World

8 ethnic rebel armies sign cease-fire pact with Myanmar government; major groups stay away

Myanmar President Thein Sein, right, sits along with Mutu Say Po, chairman of Karen National Union (KNU), for a group photo session during the signing ceremony of "Nationwide Ceasefire Agreement" Thursday, Oct. 15, 2015, in Naypyitaw, Myanmar. Myanmar's government and eight smaller ethnic rebel armies signed the cease-fire agreement to end more than six decades of fighting, but other more powerful groups refused to come on board, signaling that peace will remain elusive for some time to come. (AP Photo/Aung Shine Oo)
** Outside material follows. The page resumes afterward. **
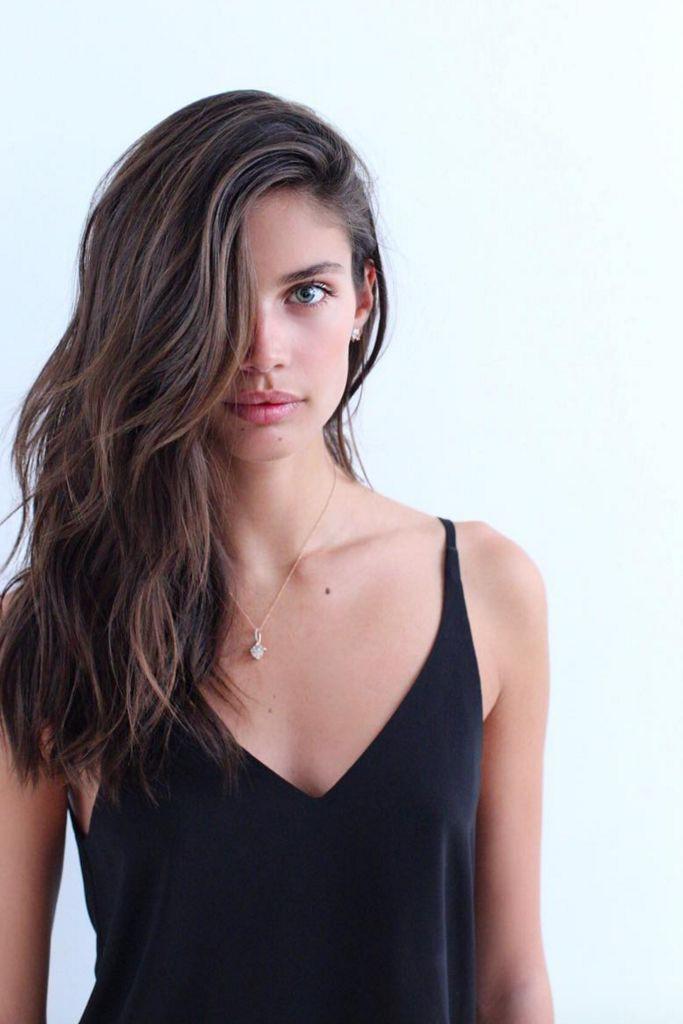 Most appealing hair length??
Myanmar President Thein Sein, right, sits along with Mutu Say Po, chairman of Karen National Union (KNU), for a group photo session during the signing ceremony of "Nationwide Ceasefire Agreement" Thursday, Oct. 15, 2015, in Naypyitaw, Myanmar. Myanmar's government and eight smaller ethnic rebel armies signed the cease-fire agreement to end more than six decades of fighting, but other more powerful groups refused to come on board, signaling that peace will remain elusive for some time to come. (AP Photo/Aung Shine Oo)  (The Associated Press)
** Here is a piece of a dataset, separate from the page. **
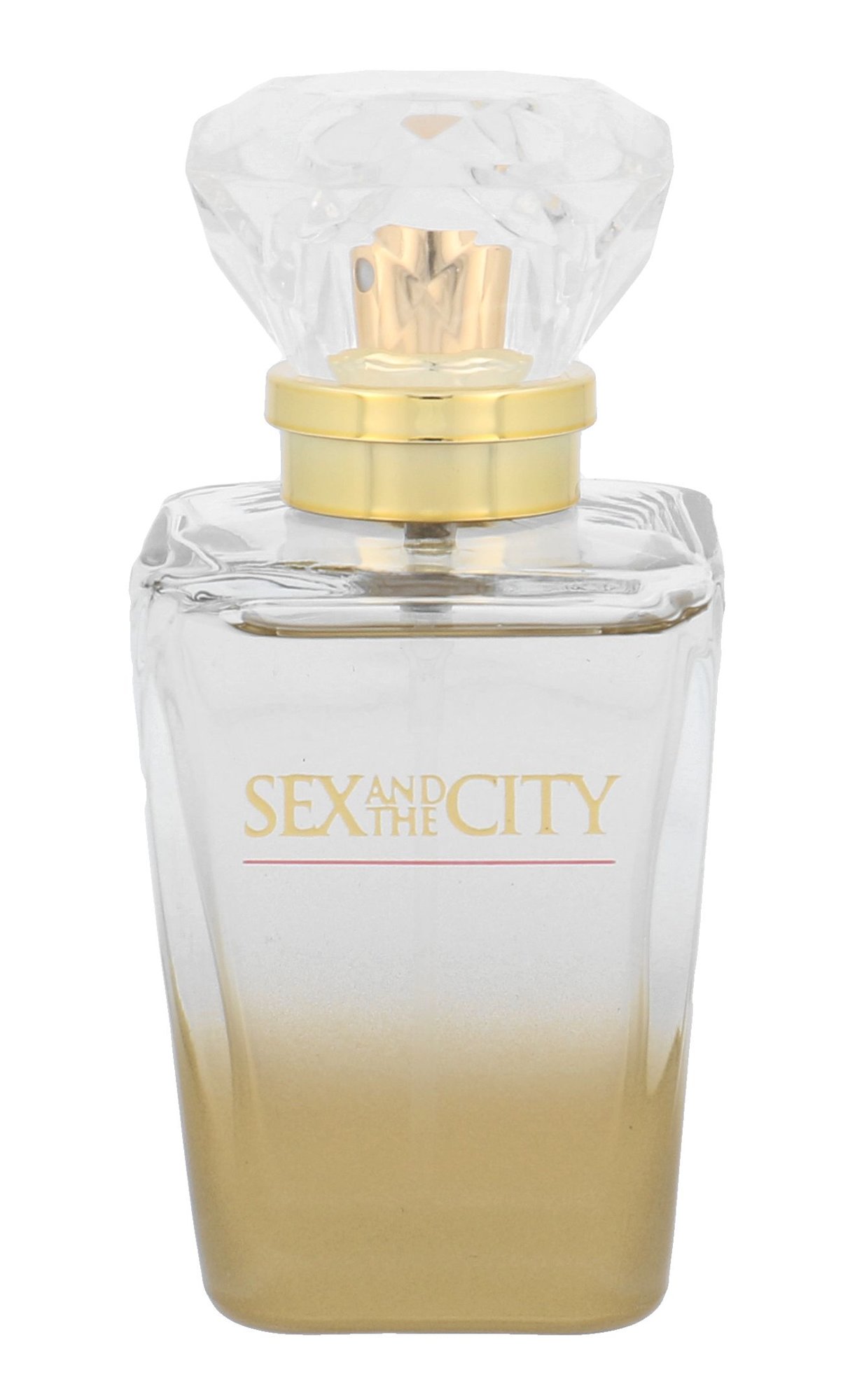 Sex And The City For Her 60ml Kvepalai Moterims EDP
Myanmar's government has signed a cease-fire agreement with eight ethnic rebel armies but the more powerful groups have refused to come on board.

The agreement was signed Thursday at a ceremony in Myanmar's administrative capital. The refusal of the larger groups to sign it robs President Thein Sein of what he had hoped would be the crowning achievement of his five-year term.

Still, it is seen as a first step toward ending six decades of fighting between the government, dominated by the Burmese majority, and various minority ethnic groups demanding autonomy and control over their natural resources.

Ethnic groups, representing 40 percent of the 53 million population, have found themselves victims of military abuses and discrimination in areas spanning from health and education to road construction and access to electricity.